It scares me how quickly you get used to people and how vulnerable sharing yourself with a group of people can make you. I'm an open book, and it's so easy to tear it apart by just tugging at the proper pages. People I've least expected to did that recently and it forced me to reevaluate many of my personal relationships with people I used to be very comfortable with.

I guess what I'm trying to say is that I've shared a great deal about myself here. I share myself with everyone, and it's bitten me in the arse one time too many to not start regretting that decision.

I'm at your mercy. And I'm not at all accusing you of anything, it's just that the fact scares me.

Barmymoo:
I've felt that a few times.
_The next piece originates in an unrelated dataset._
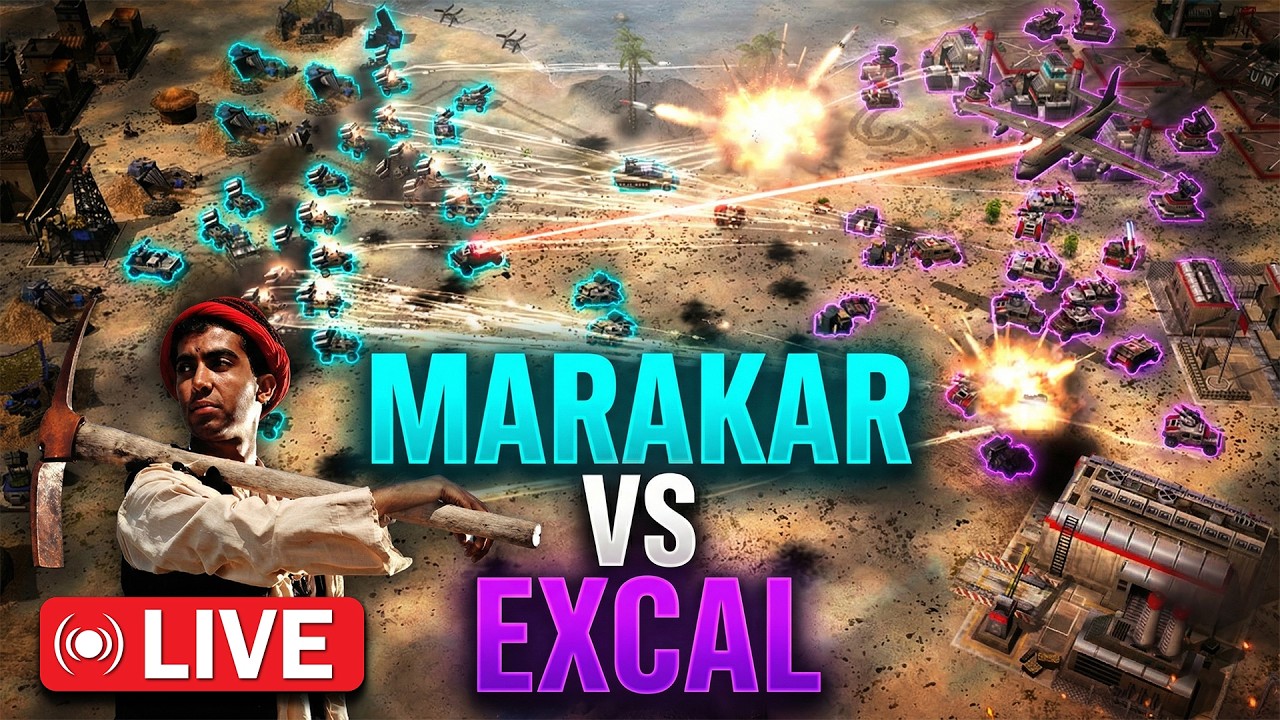 LIVE 🔴 ExCaL vs Marakar | Generals Online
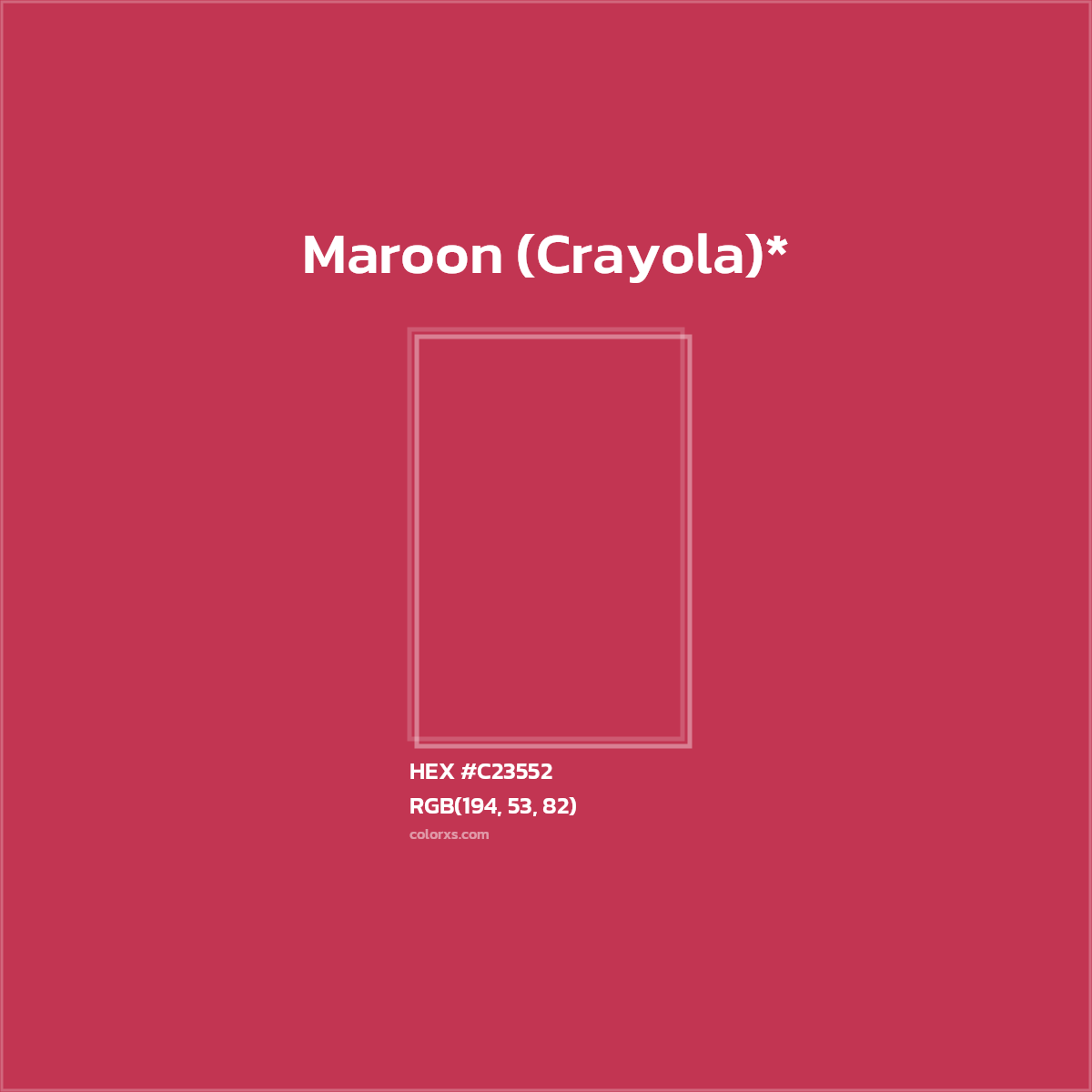 HEX #C23552 Color Name, Color Code, Palettes, Similar Paints, Images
I've been on this forum for... seven years? More? A lot of my life has been laid bare here. Sometimes it terrifies me.

ankhtahr:
I've joined about a month prior to you, and I can completely understand your thoughts, even though nobody ever made me any trouble through it. I'm always terrified of somebody from my circle of friends finding this forum. You're the people I'm the most open with.

nekowafer:
I don't know why, but the openness doesn't bother me at all. Maybe I wouldn't want certain people (generally those I am talking about) seeing what I post, but otherwise, I don't have a problem. I think having mental health issues, and learning to trust in people that are willing to help me, and getting ECT and having to explain it to literally everyone, has made me more comfortable being open. And I'm happy about it.

I am in no way a show off or an exhibitionist, but I am who I am, and I'm okay with people seeing most of how I am. The little bit I keep hidden is truly hidden, as in, no one knows anything about it.